## TASK STATEMENT
Write the records below out again word for word, with the pictures removed.

Collected data

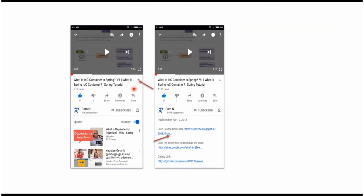You can get Java source code link from the description of the video. In mobile, to see the description,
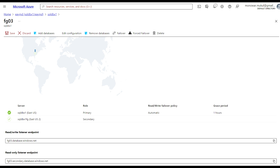From the configuration details, scrolling to the bottom you can see the listener endpoints. There are two: a Read/Write Listener Endpoint and a Read-Only Listener Endpoint. The Read-Only listener can be used for applications or connections that only need to read data. The Read/Write listener is used to direct connections to the primary logical SQL Server where both read and write operations can be performed.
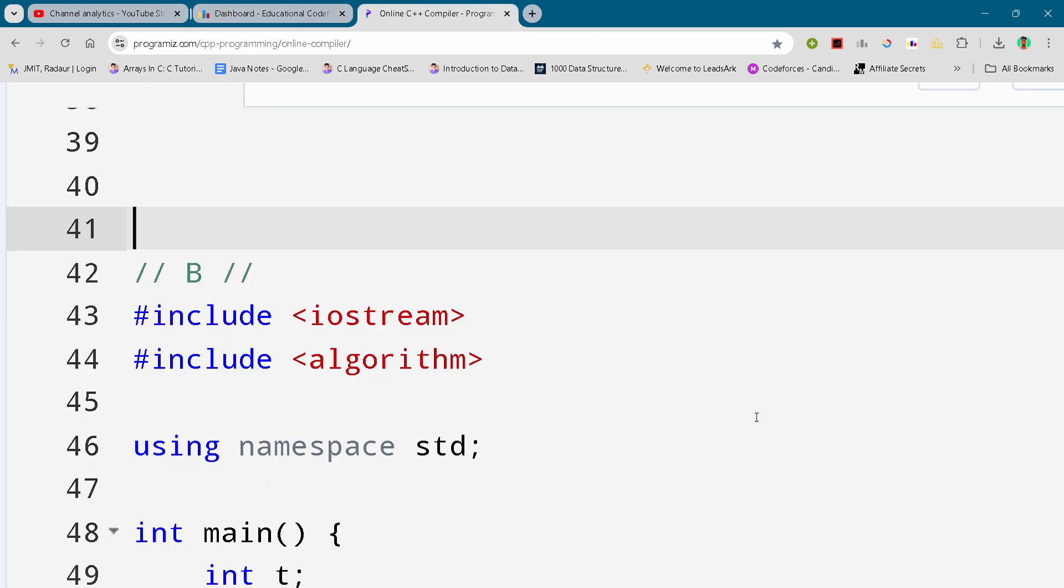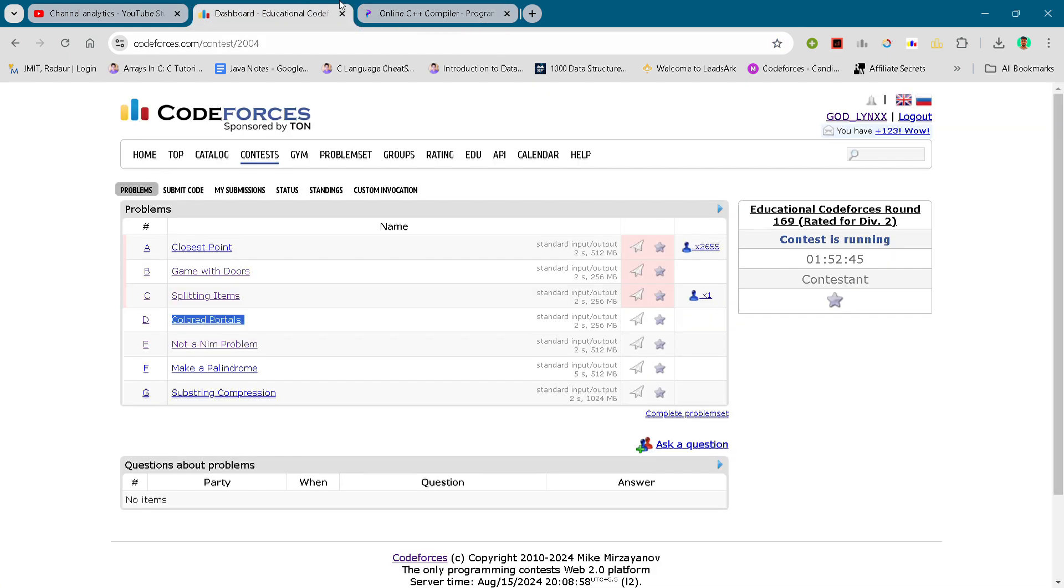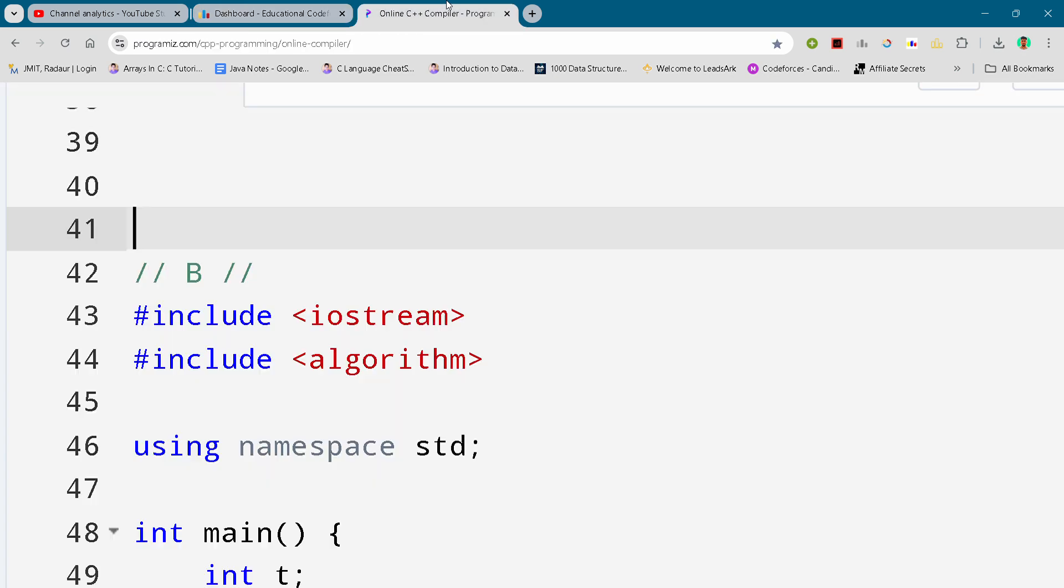Hey guys, I'm back with another CodeForces educational round. In this video, I'll be giving you the solution for problem number B.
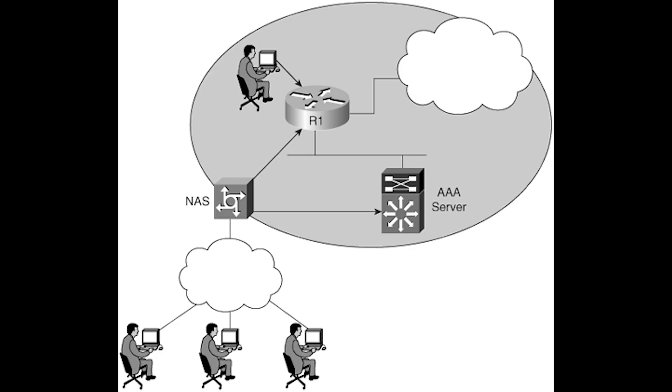Network devices use a centralized RADIUS or TACACS Plus server to authenticate users, authorize commands users can run on a device, and provide accounting information.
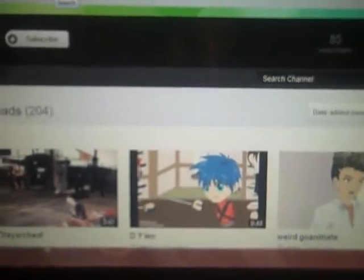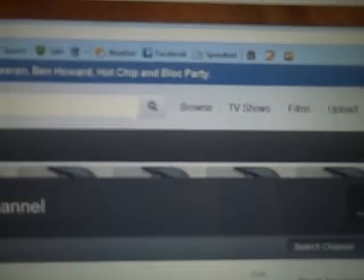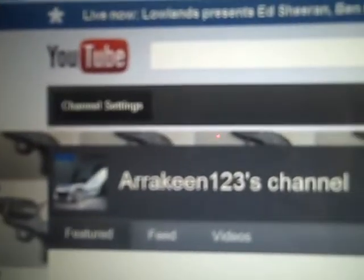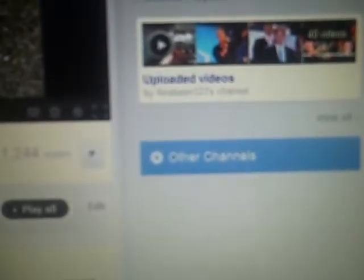So thank you for watching. Please rate, comment, subscribe to me. Arakeen123. This is my channel. Arakeen123. My views. And he may say I hack. But I don't. And he calls me a sad hacker. Yet he does that.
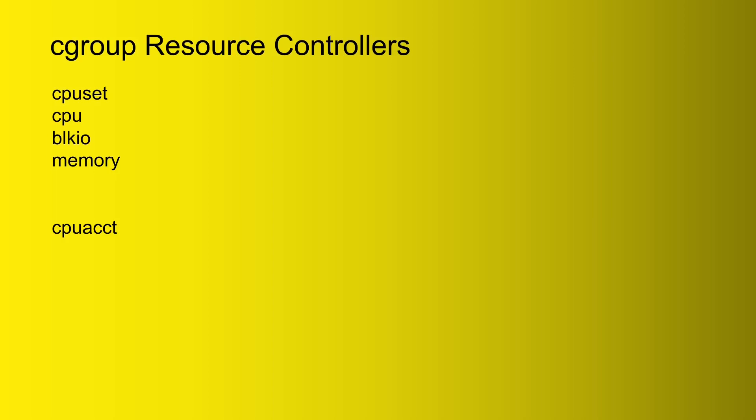Same thing there: block IO allows you to set limits on the input output bandwidth that a user can use. So let's say instead of allowing a person to just transfer files from one place to another at full speed, you can put a limit on the amount of bandwidth that that user is using. That way other users can have some bandwidth.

## PROBLEM SOLUTION
You can get Java source code link from the description of the video. In mobile, to see the description,
From the configuration details, scrolling to the bottom you can see the listener endpoints. There are two: a Read/Write Listener Endpoint and a Read-Only Listener Endpoint. The Read-Only listener can be used for applications or connections that only need to read data. The Read/Write listener is used to direct connections to the primary logical SQL Server where both read and write operations can be performed.
Hey guys, I'm back with another CodeForces educational round. In this video, I'll be giving you the solution for problem number B.
Network devices use a centralized RADIUS or TACACS Plus server to authenticate users, authorize commands users can run on a device, and provide accounting information.
So thank you for watching. Please rate, comment, subscribe to me. Arakeen123. This is my channel. Arakeen123. My views. And he may say I hack. But I don't. And he calls me a sad hacker. Yet he does that.
Same thing there: block IO allows you to set limits on the input output bandwidth that a user can use. So let's say instead of allowing a person to just transfer files from one place to another at full speed, you can put a limit on the amount of bandwidth that that user is using. That way other users can have some bandwidth.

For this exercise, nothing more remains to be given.